**Problem to solve**
Reproduce the lines below exactly. Begin with the first, end with the line containing "mrezovnik s medom.JPG, 50 kB", and leave out the pictures.

**Data for this exercise**
_ _ _

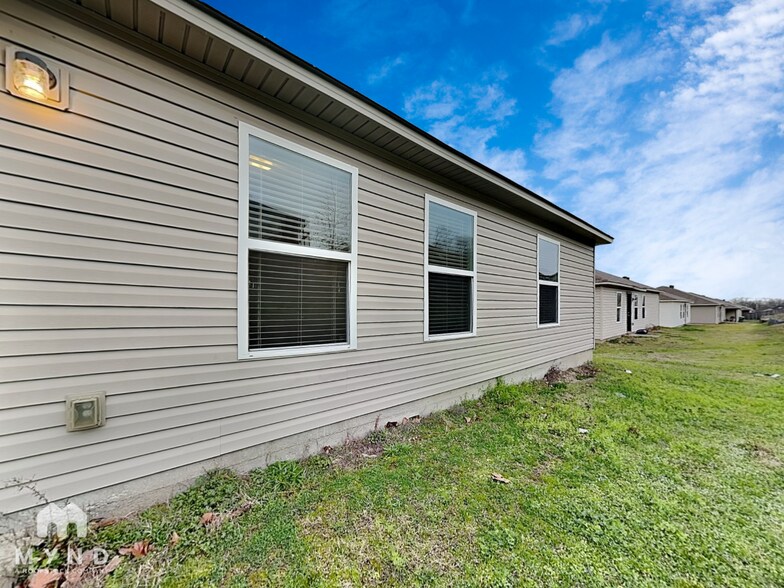 Building Photo - 11301 Bock Rd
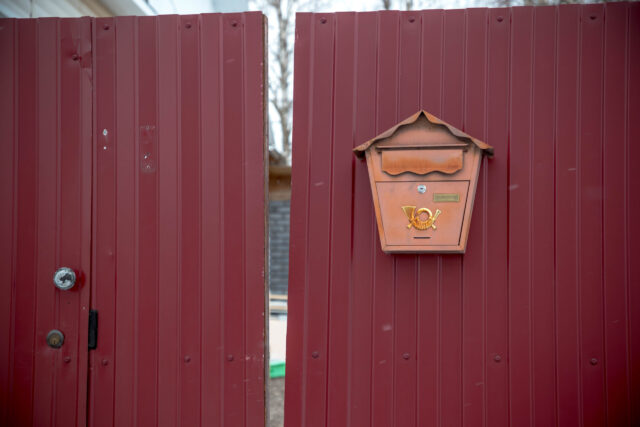 «Ты трус»: британские журналисты оскорбили друга погибшего российского солдата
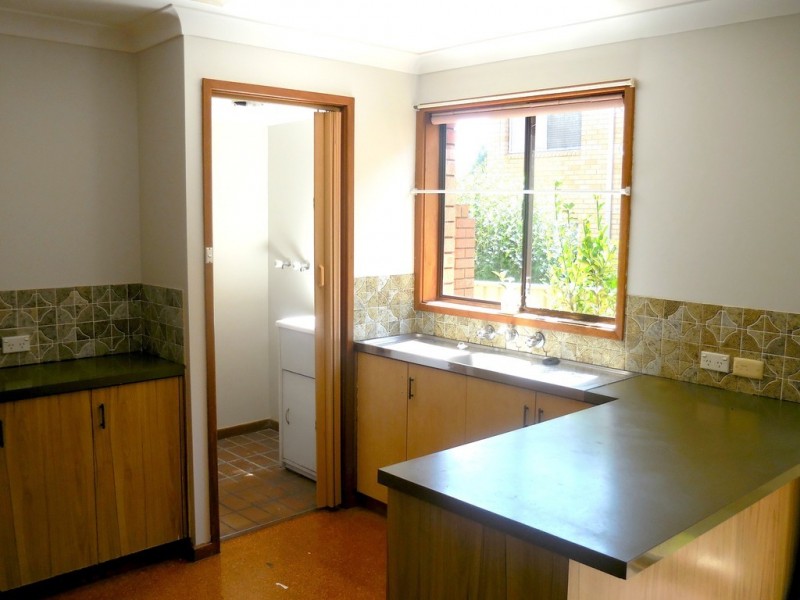 2/5 Campbell Place, Nowra NSW 2541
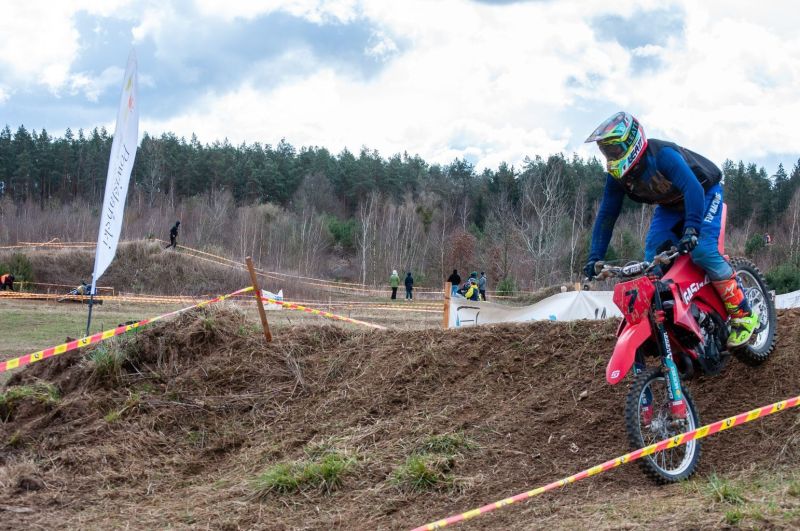 zawodnik w trakcie jubileuszowych zawodów cross-country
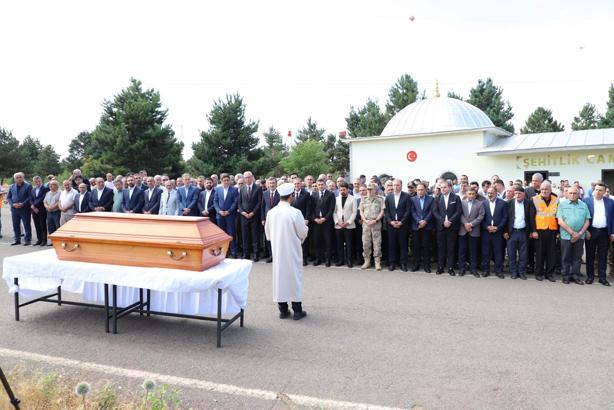 Cumhurbaşkanı Yardımcısı Yılmaz’ın vefat eden yeğeni Bingöl’de toprağa verildi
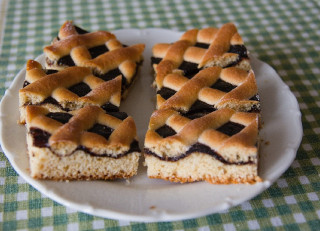 mrezovnik s medom.JPG, 50 kB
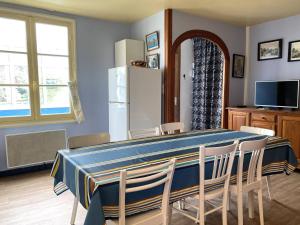 Maison à 350m plage avec jardin sud et WIFI à Trégastel - FR-1-368-437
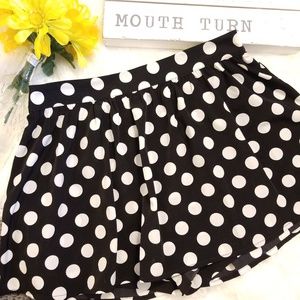 Forever 21 Black & White Polka Dot Skirt Short M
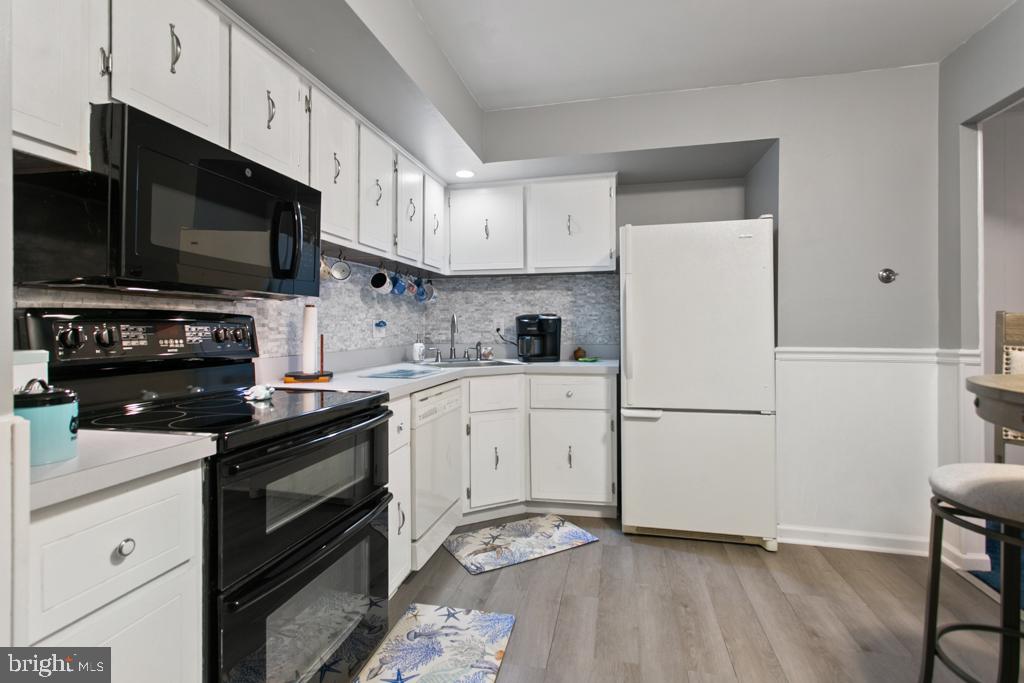 VALLEYBROOK - Residential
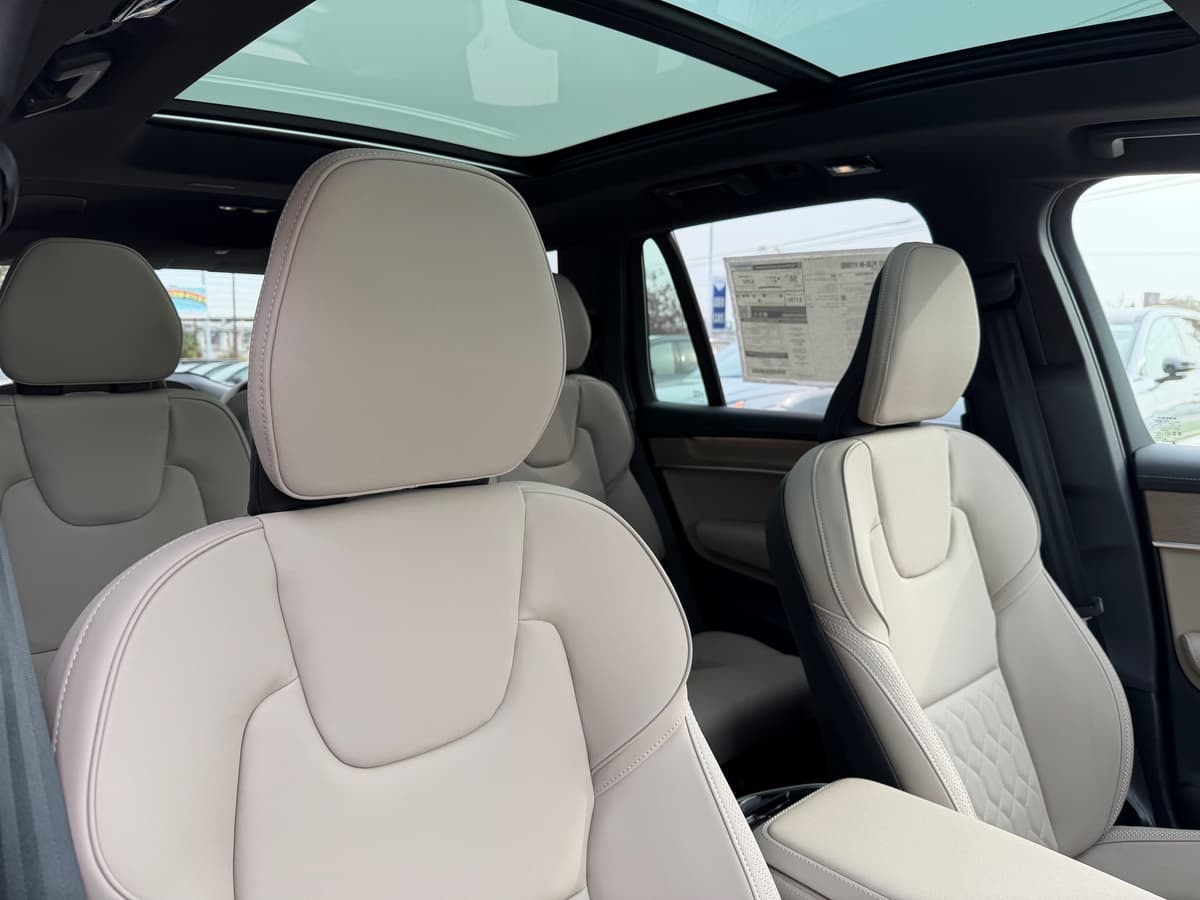2026 Volvo XC90 plug-in hybrid - Image 9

_ _ _

**Your response**
 Building Photo - 11301 Bock Rd
 «Ты трус»: британские журналисты оскорбили друга погибшего российского солдата
 2/5 Campbell Place, Nowra NSW 2541
 zawodnik w trakcie jubileuszowych zawodów cross-country
 Cumhurbaşkanı Yardımcısı Yılmaz’ın vefat eden yeğeni Bingöl’de toprağa verildi
 mrezovnik s medom.JPG, 50 kB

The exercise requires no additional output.